Le film culte : « Les tontons flingueurs » – Film policier à la française

Chaque mois, la rédaction de Maze revient sur des classiques du cinéma. Après l’incontournable Jetée de Chris Marker place à Georges Lautner et sa bande de truands dans les Tontons Flingueurs.

1963, Georges Lautner n’en est plus à son coup d’essai, mais il s’apprête tout de même à sortir son film culte. Celui qui l’a inscrit dans les cœurs d’un public fidèle qui n’a cessé de le célébrer à travers les années. En 2013, juste avant d’expirer son dernier souffle, il avait déjà pu revoir une dernière fois son film, au cinéma Gaumont de Toulouse pour une séance anniversaire spéciale, aux accents de mythe.

Un film noir 

Ici, le cher Fernand Naudin, interprété par le non moins fameux Lino Ventura, quitte sa petite ville de campagne, Montauban, pour Paris. Au chevet d’un de ses vieux amis, il découvre que celui-ci a décidé de lui léguer ses affaires comme la garde de sa fille. Décidé à rentrer au plus vite, Fernand souhaite tout faire pour se débarrasser de ce lourd héritage composé d’une distillerie, d’un bar et d’une maison close, qui le replonge dans son ancienne vie de gangster. Mais de fil en aiguille les embuscades et tentatives de meurtre répétées poussent Fernand à respecter les volontés de son ami, puisqu’il réalise que les anciens associés du Mexicain essaient de l’évincer.

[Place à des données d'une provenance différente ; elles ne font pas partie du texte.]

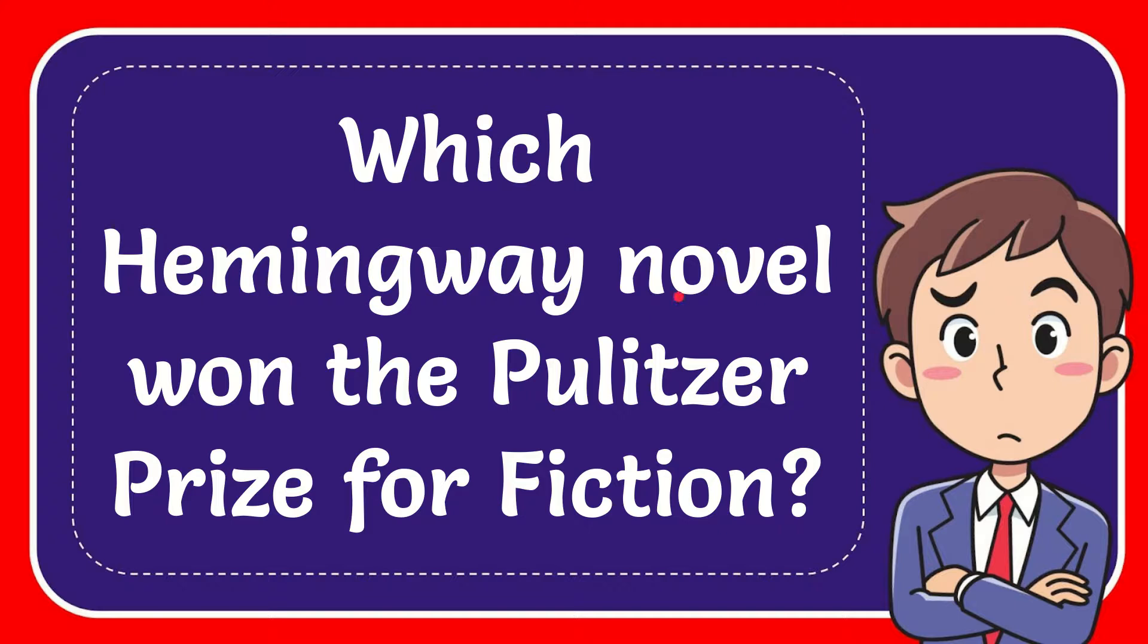In this video I'm going to give you the answer to this question. The question is which Hemingway novel won the Pulitzer Prize for Fiction?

Adapté de Grisbi or not Grisbi d’Albert Simonin, co-scénariste de l’œuvre, les Tontons Flingueurs reprend les codes du film noir inspiré par l’esthétique expressionniste. Pourtant le côté gangster se dissipe peu à peu sous le voile d’une franche rigolade, suivant un scénario bien ficelé.

Comique et attendrissant

Si le film de Lautner est entouré d’une telle aura, c’est notamment grâce au travail d’orfèvre du père Audiard, Michel de son petit nom, qui y a disséminé des répliques incisives jouant sur les zygomatiques. On ne compte plus les livres y faisant référence ou dédié au sujet.
Des dialogues à l’argot, le film regorge de bijoux linguistiques rendant chaque personnage attachant avec ses spécificités langagière ou bien ses répliques inoubliables. Au sein de ce florilège on a aussi bien droit à l’archétype du méchant allemand à l’humour cynique, qu’à Jean, l’ancien tolard converti en parfait majordome au faux accent anglais à couper au couteau répétant ces « Yes, Sire ! » inlassablement, ou à Pascal première gâchette du Mexicain et son esprit de famille. Il y a également les Volfoni (Bernard Blier et Jean Lefebvre), leur maladresse, leur simplicité d’esprit et leurs scènes inoubliables. Sans oublier le notaire, cet accro à l’argent et son « Touche pas au grisbi, salope ! » dans cette scène de cuisine savoureuse durant laquelle les quatre compères refont le monde après une bonne bouteille de « Vitriole ». S’enchaînent alors les « Y a pas que de la pomme ! » ou encore « J’ai connu une polonaise qui en prenait au petit déjeuner » et autre moment de rigolade délectables.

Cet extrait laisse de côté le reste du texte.